What to do
Whatever pictures appear, omit them, and repeat the data below exactly.

Dataset extract

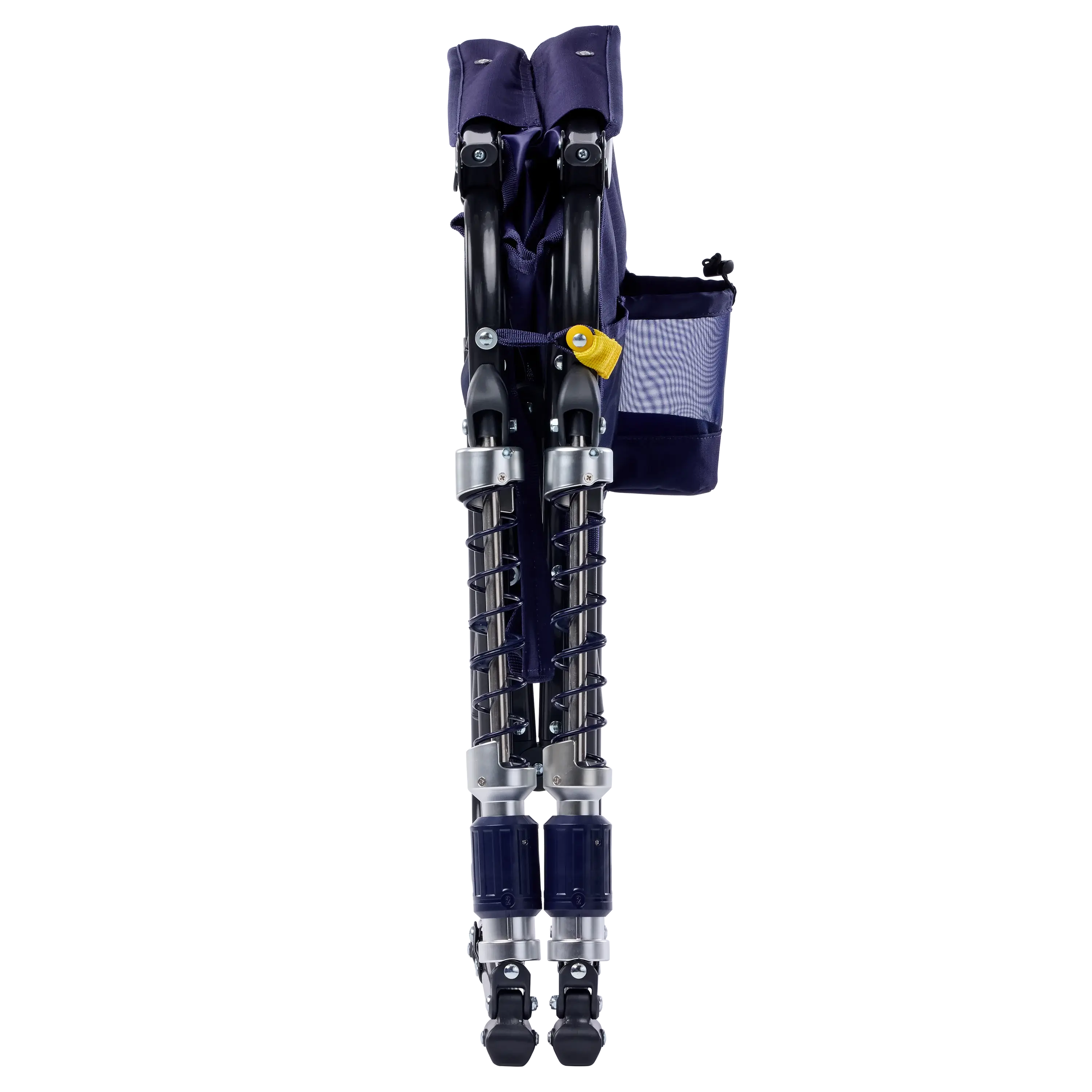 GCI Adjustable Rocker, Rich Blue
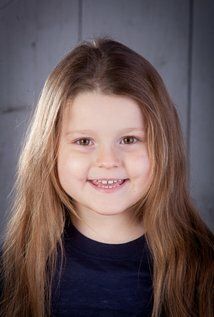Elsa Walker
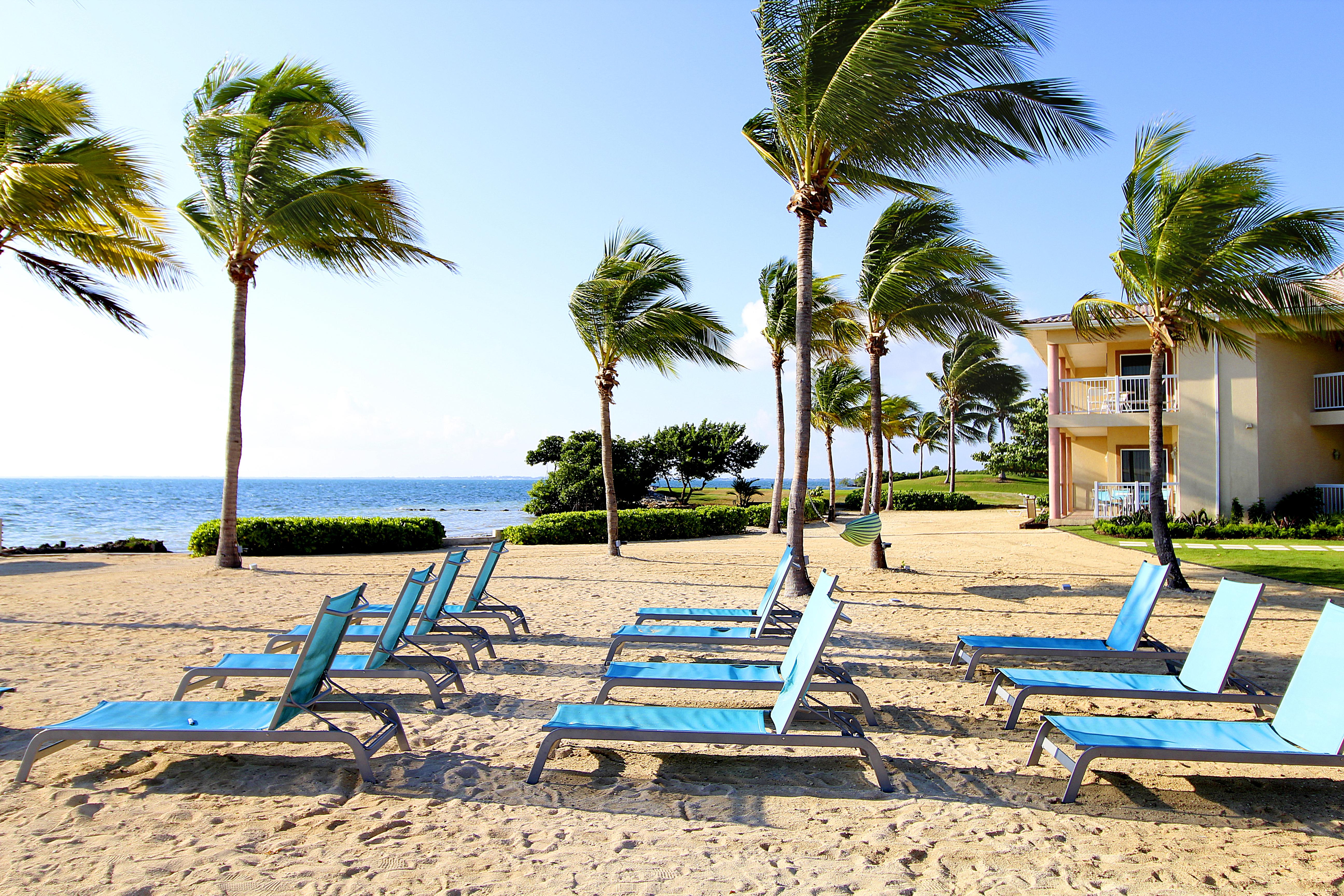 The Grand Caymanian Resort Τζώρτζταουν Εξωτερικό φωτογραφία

Output
 GCI Adjustable Rocker, Rich Blue
Elsa Walker
 The Grand Caymanian Resort Τζώρτζταουν Εξωτερικό φωτογραφία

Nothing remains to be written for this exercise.